En cuanto a su identificación
con los jesuitas, da lugar a consideraciones que van desde ubicarlo como un
papa izquierdizante o modernizador, aunque mesurado y discreto.
Otras observaciones tienen
que ver con el desempeño del pontífice a la luz de acontecimientos políticos
drásticos en su natal Argentina, lo que hace evocar el papel de la Iglesia en
similares sucesos dramáticos de trascendencia universal:el Holocausto judío
hace más de seis décadas.
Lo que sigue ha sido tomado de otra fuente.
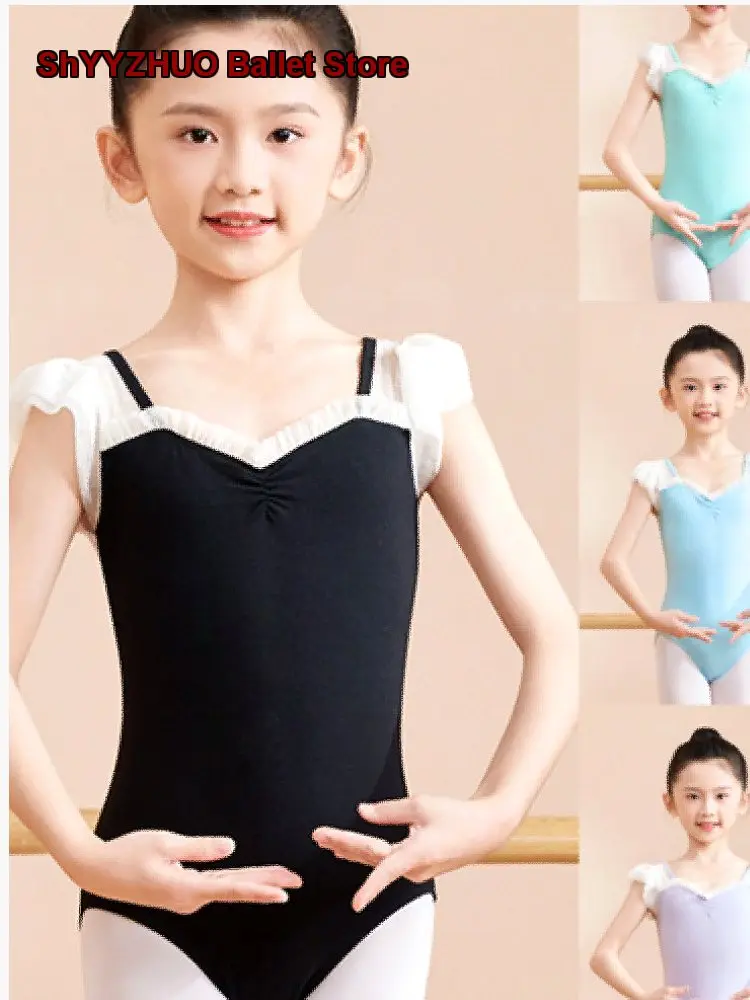 children's-girls-dance-dress-summer-short-sleeves-chinese-dance-practice-leotard-body-suit-gymnastics-latin-dance-clothing-kids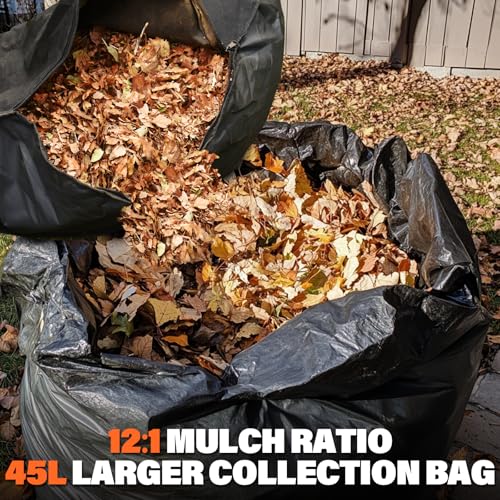 MAXLANDER Cordless Leaf Blower & Vacuum with Bag, 3-in-1 Brushless Battery Powered Leaf Vacuum Mulcher 40V 170MPH 360CFM 5 Speeds Leaf Blowers for Lawn Care 2x4.0Ah Battery & Charger Included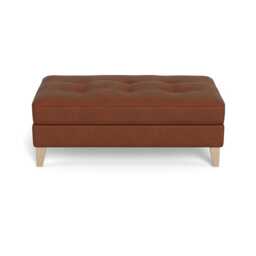 Heal's Mistral Footstool Smart Luxe Velvet Tawny Natural Feet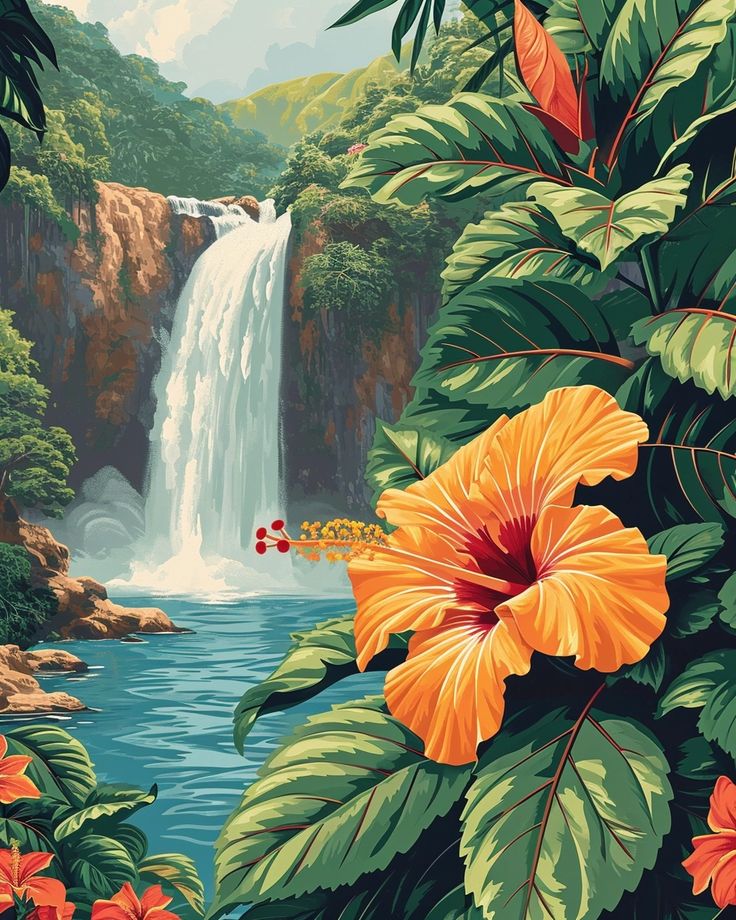 Illustrated tropical waterfall with lush greenery and vibrant orange hibiscus flowers in the foreground.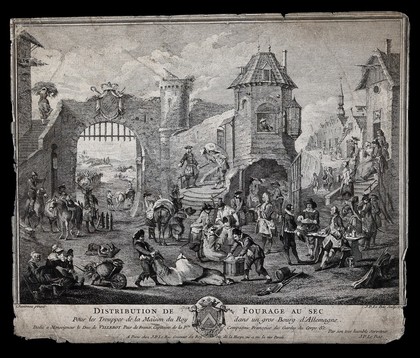 French soldiers requisitioning food from civilians inside a German fortified town. Etching by J. P. Le Bas, 1741 after J.-F. Chanterau.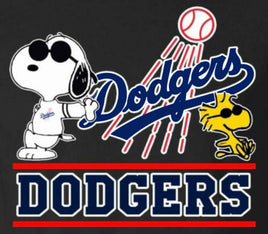 Snoopy Professional Baseball Indoor/Outdoor Waterproof Vinyl Decal - Los Angeles Dodgers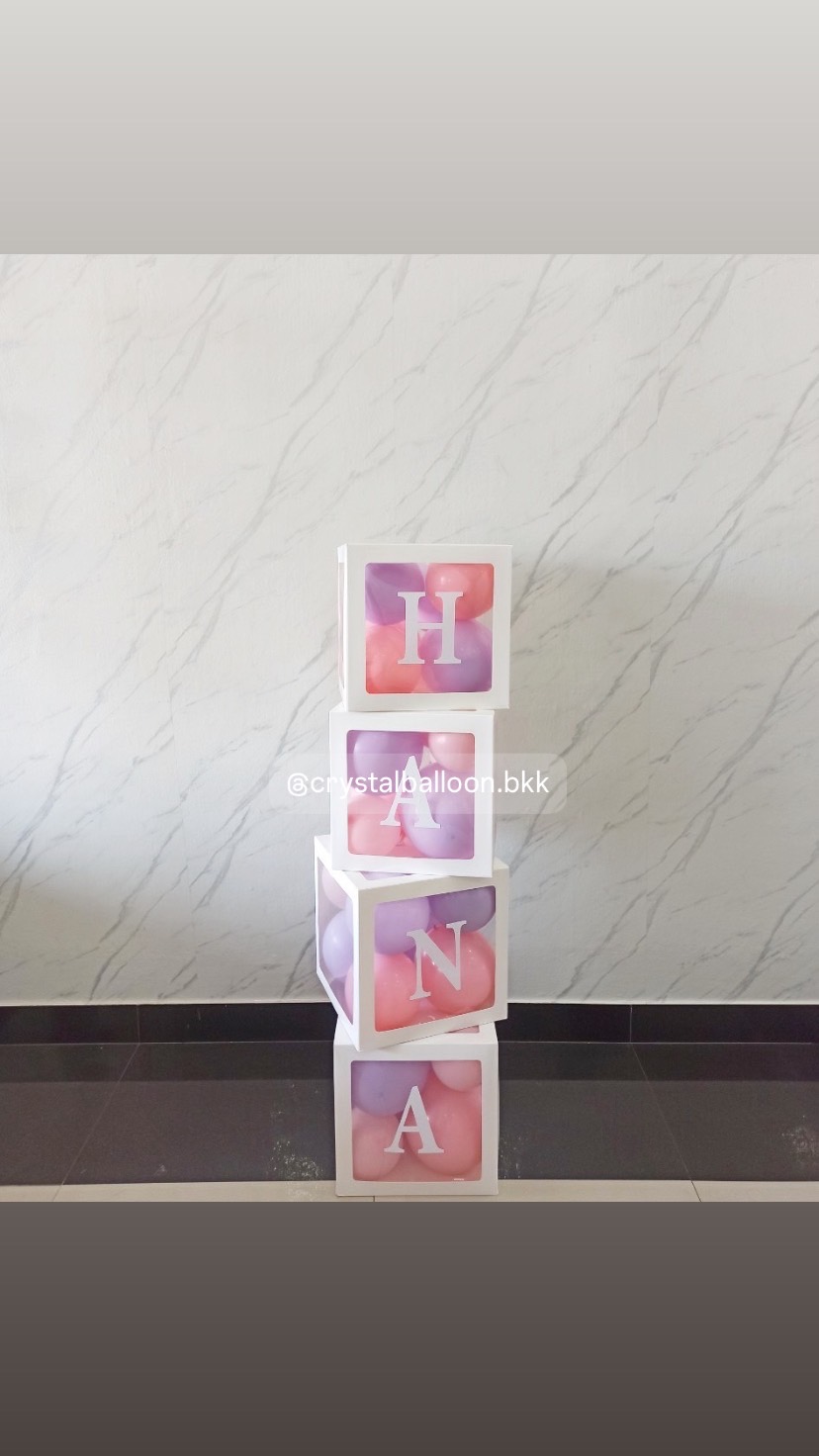 ลูกโป่ง Welcome Baby กล่องใส ขนาด 12" ติดตัวอักษร 4 กล่อง Theme ม่วง-ชมพู พร้อมตกแต่ง สามารถเปลี่ยนสีลูกโป่ง/เปลี่ยนข้อความได้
Acerca de estas imbricaciones entre religión y
política, apenas si cabría referir que, con todos los rituales del caso, la
secrecía que envuelve la nominación del sucesor del apóstol Pedro, y la cauda
de honras con que se celebra la transmisión de la autoridad papal, lo cierto es
que se trata de un suceso eminentemente humano. No escapa el trasfondo religioso,
inmerso en un mar de creencias, dogmas y actos de fe que le otorgan su
dimensión propia.
Un hecho de singular
relevancia es, sin duda, la sucesión del máximo jefe de una comunidad
religiosa, cuyos seguidores se cuentan por millones en el planeta. Bastaría
pasar la mirada sobre las eruditas páginas de “La historia de los papas” de
Leopold von Ranke (FCE, 1943) para darse cuenta de la urdimbre de sucesos,
incidencias y repercusiones de que se rodea aquel capítulo de la historia, imposible por otra parte de segregarlo de lo
esencialmente humano, pues se incurre
así en una interpretación frívola de la manida expresión en el sentido de que
la religión es el opio de los pueblos.
Otro ángulo del tema es la
traída y llevada opinión de que en el pontífice romano se encarna, por efluvio
sagrado, la representación divina que, en su momento cronológico, se depositó
en el apóstol Pedro. El hacer profesión de fe en la susodicha convicción
conlleva a no pocos equívocos por el afán de querer justificar las flaquezas o
desviaciones propias del ser humano. Precisamente el “errar es propio de
humanos” corona, con suprema sabiduría,
la interpretación del acaecer histórico con todo y sus turbulencias,
aciertos y desaciertos.
Por lo que se refiere a si
Francisco I podría ser el papa renovador que la Iglesia espera, si actuará
hacia la izquierda o a la derecha, es pertinente recordar que dado su origen y
perfil, y por su naturaleza intrínseca, al titular del Vaticano malamente
podría clasificársele como de un extremo o del otro (derecha-izquierda), pues
su sino y destino es el de preservar,
sostener, afianzar y refrendar el cuerpo de doctrinas o sistema de dogmas,
ponderados válidos de una vez y para siempre.Vanamente, entonces, podría
intentar encasillarse al llamado “Santo Padre” en un esquema pendular que va al
lado de las manecillas del reloj o en su defecto, va en contraflujo, como si se
tratase de un dirigente o líder partidista. O bien como si su función fuese la
de un hombre de Estadolaico, de Oriente o de Occidente.
Viene a la mente, al
respecto, el ensayo de Zaehner “El
instinto religioso” donde expone las raíces comunes que atañen a toda
propensión ideológica (religiosidad y política), lo cual motivaría, sin
embargo, el fallido intento de valorar con las categorías
de la fe los sucesos cotidianos de la convivencia social. Y viceversa.